Activity » An exact copy of the lines of the listing below between the "Xbox 360 kontroller/konzol" line and the "Building Photo - 3529 Ross Ave SE" line, both included, is the whole answer; please omit the pictures.

Data for this exercise »
━━━━━━━━━━
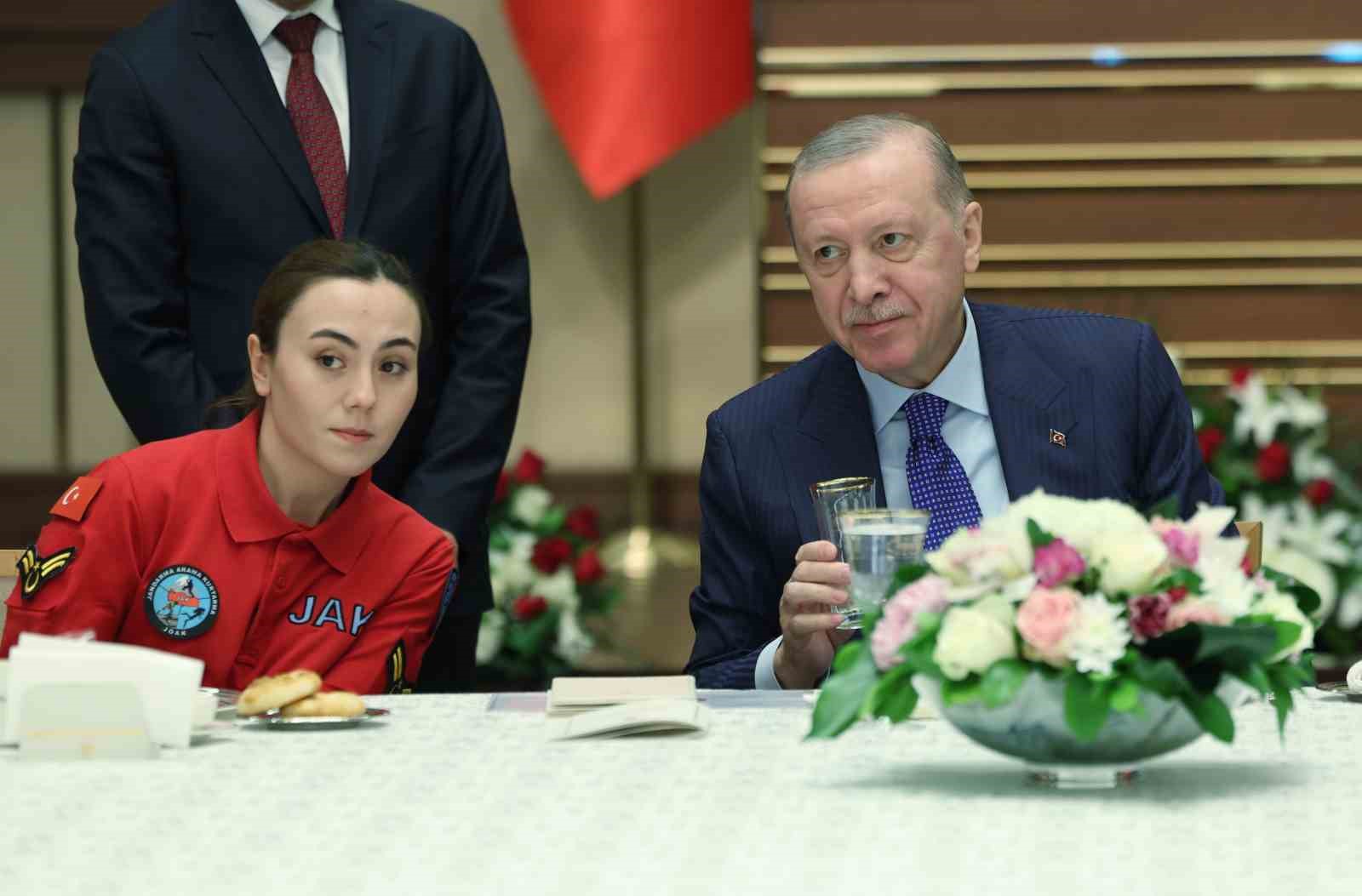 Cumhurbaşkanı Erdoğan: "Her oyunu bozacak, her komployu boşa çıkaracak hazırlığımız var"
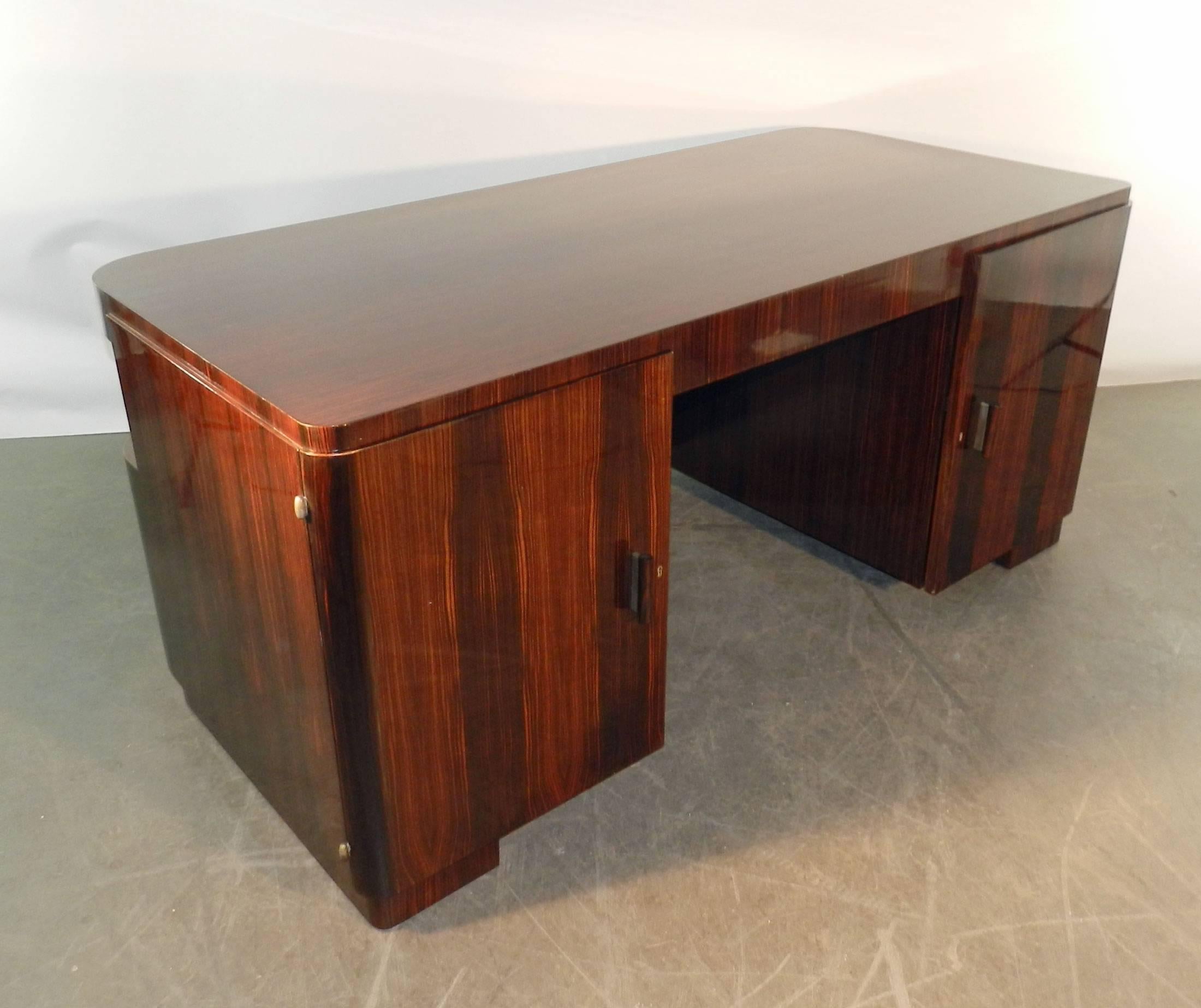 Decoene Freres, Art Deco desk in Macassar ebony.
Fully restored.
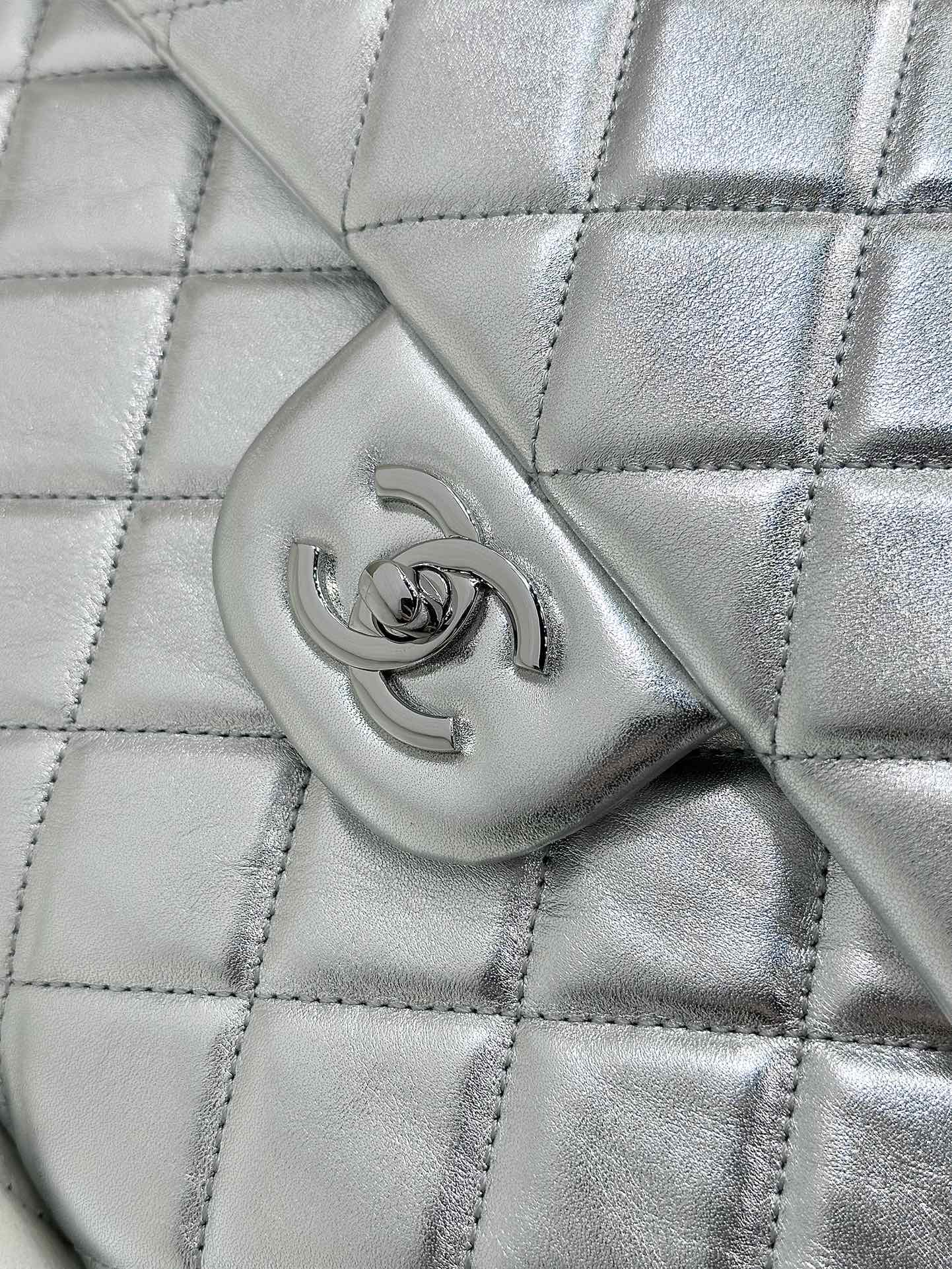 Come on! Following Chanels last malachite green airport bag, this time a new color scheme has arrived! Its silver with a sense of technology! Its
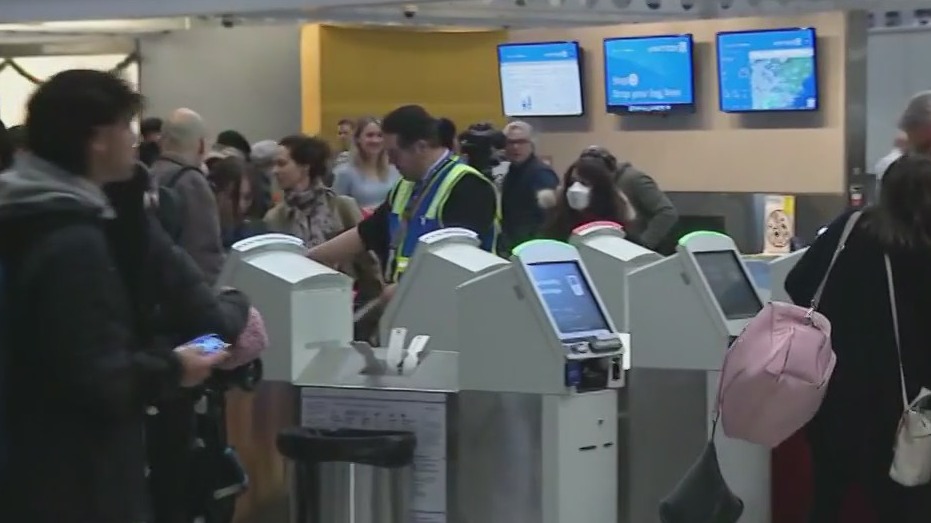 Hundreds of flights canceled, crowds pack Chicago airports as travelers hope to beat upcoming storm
━━━━━━━━━━
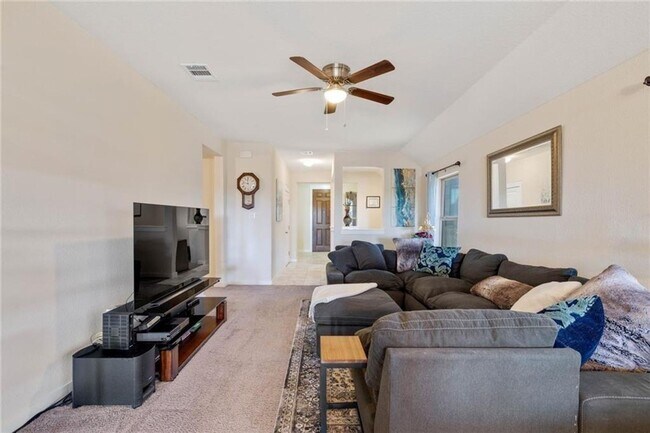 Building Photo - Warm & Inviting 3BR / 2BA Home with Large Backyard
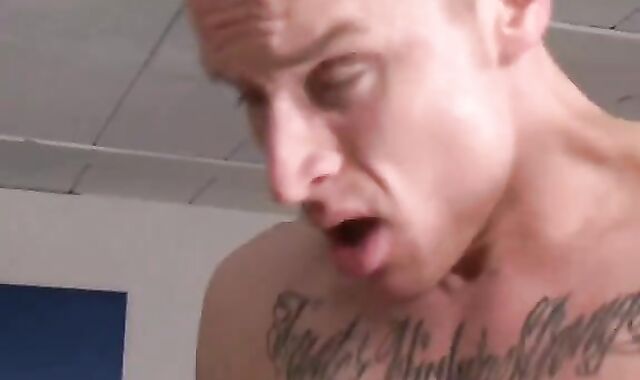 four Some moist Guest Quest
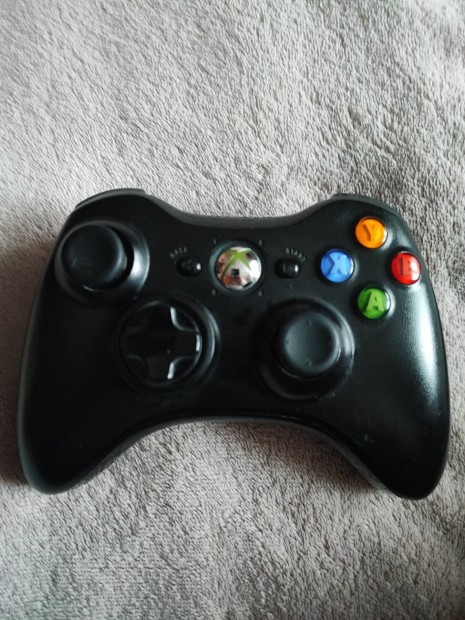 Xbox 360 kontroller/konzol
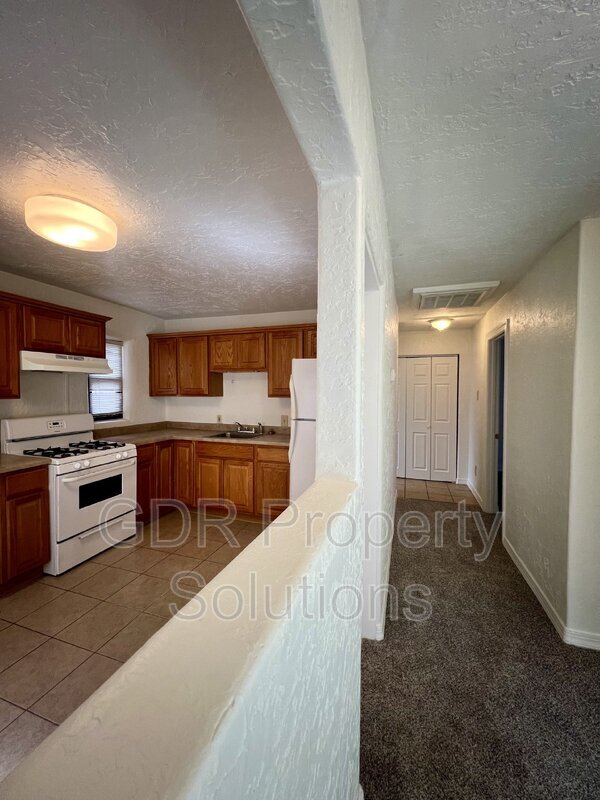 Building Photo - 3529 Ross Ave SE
━━━━━━━━━━
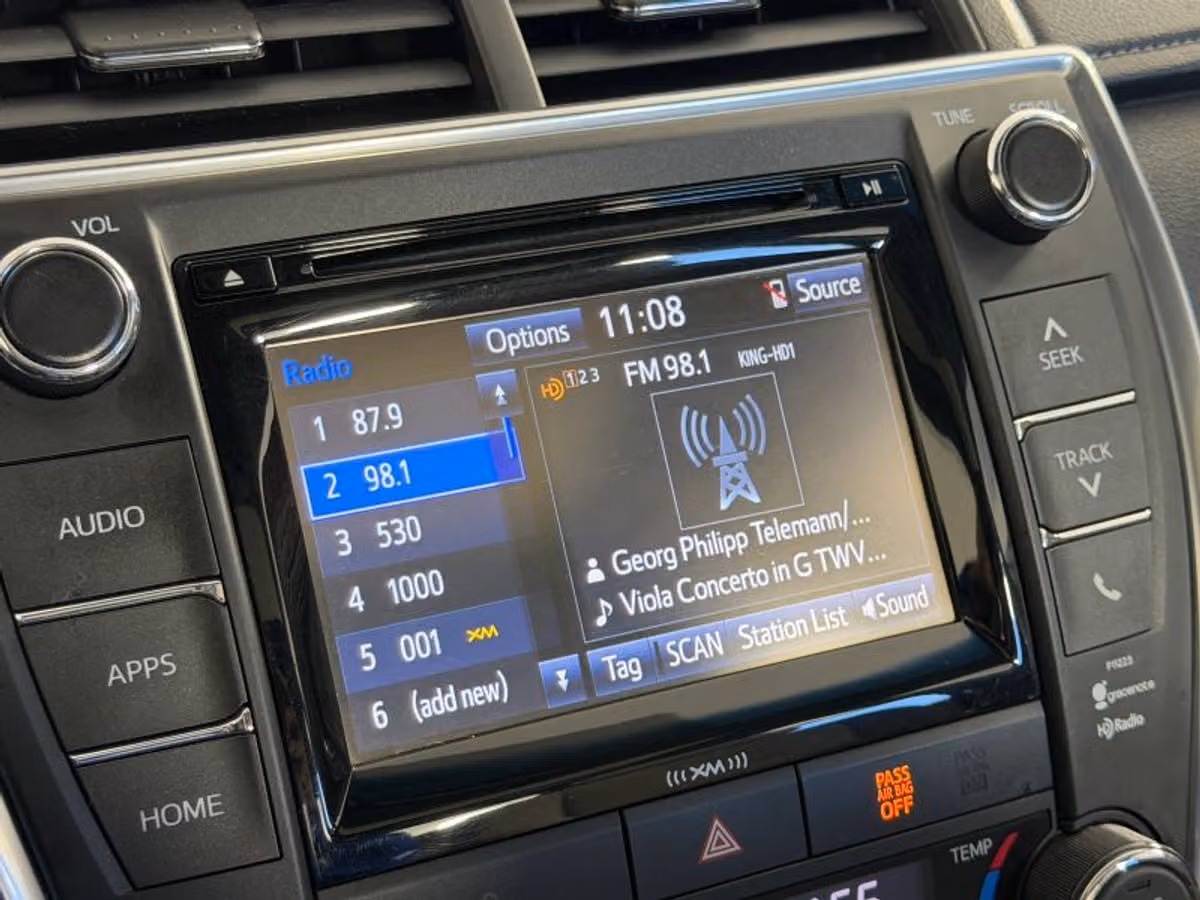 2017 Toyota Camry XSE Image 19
━━━━━━━━━━
Task solution »
 Xbox 360 kontroller/konzol
 Building Photo - 3529 Ross Ave SE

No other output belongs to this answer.